The Shiny Shrimps is a mindless comedy that promises fun-filled adventures coupled with outlandish personalities. The raucous behaviour and crude jokes of the endearing members ensures that the movie is without a dull moment. Even in the face of adversity and discrimination, the easy and believable camaraderie amongst the actors invites the audience to join the tight-knitted group, and experience their love and acceptance.
The story The Shiny Shrimps tells is easy and uncomplicated, choosing to focus more on the characters’ interactions and their wild antics.

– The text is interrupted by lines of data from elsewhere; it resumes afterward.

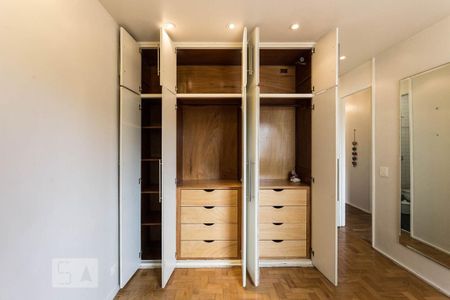 Apartamento à venda com 100m², 3 quartos e 1 vaga Apartamento à venda com 100m², 3 quartos e 1 vagaSuíte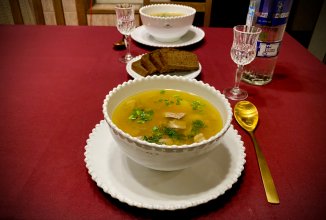 Картофельный суп с булгуром, шампиньонами и свиными языками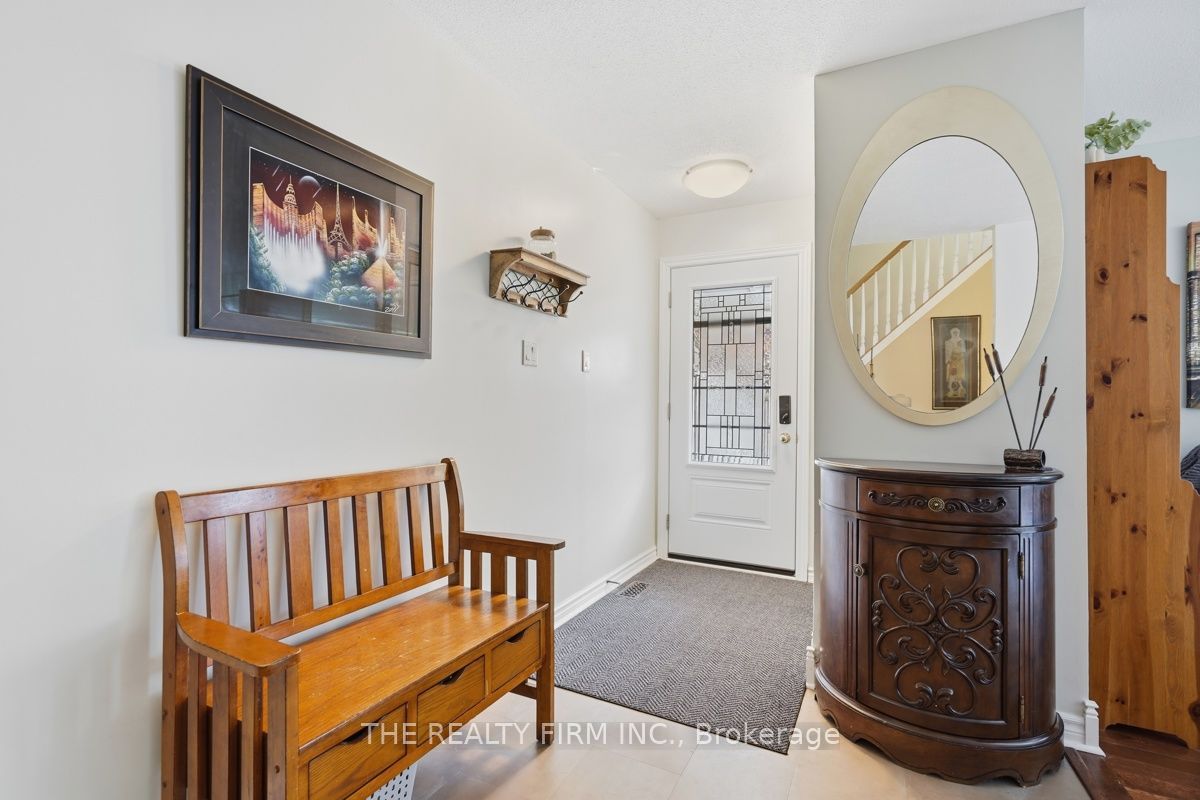 905 Dalhousie Drive Property Photo 12
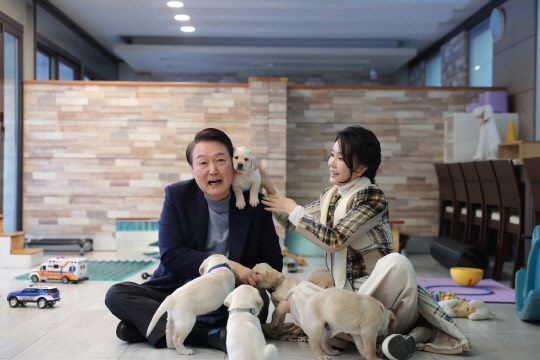 윤석열 전 대통령과 김건희 여사가 지난 2022년 경기도 용인 삼성화재 안내견 학교에서 리트리버 강아지들을 살펴보고 있다.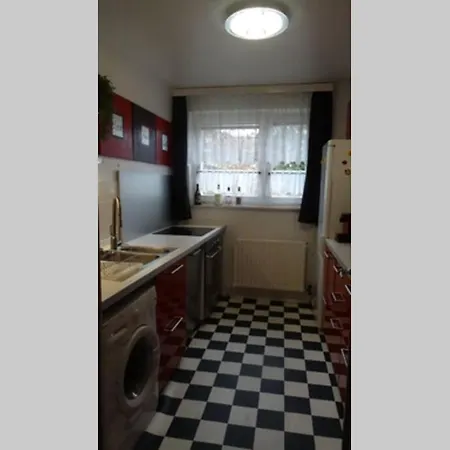 Schoene, Ruhige In Berlin-steglitz 아파트 *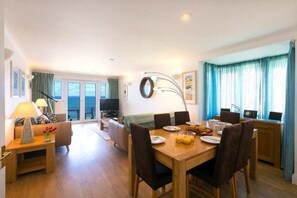 Apartamento (2 Bedrooms) | Opções para refeição no quarto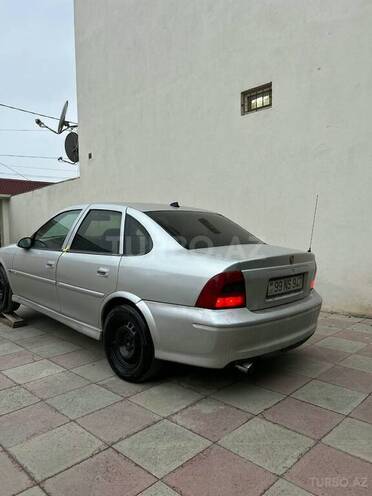 Opel Vectra 2000, 300,000 km - 1.8 l - Bakı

Though that means that the movie can get pretty predictable. From every significant victory and failure to Matthias’ doe-eyed daughter who serves as a bridge between the team and her stubborn father, you’ll most likely be able to figure out how everything works out before it does. But then again, that’s not the point of the movie. Did I see the ending coming? Yes, I did. Did I still feel moved by it? Yes, most definitely.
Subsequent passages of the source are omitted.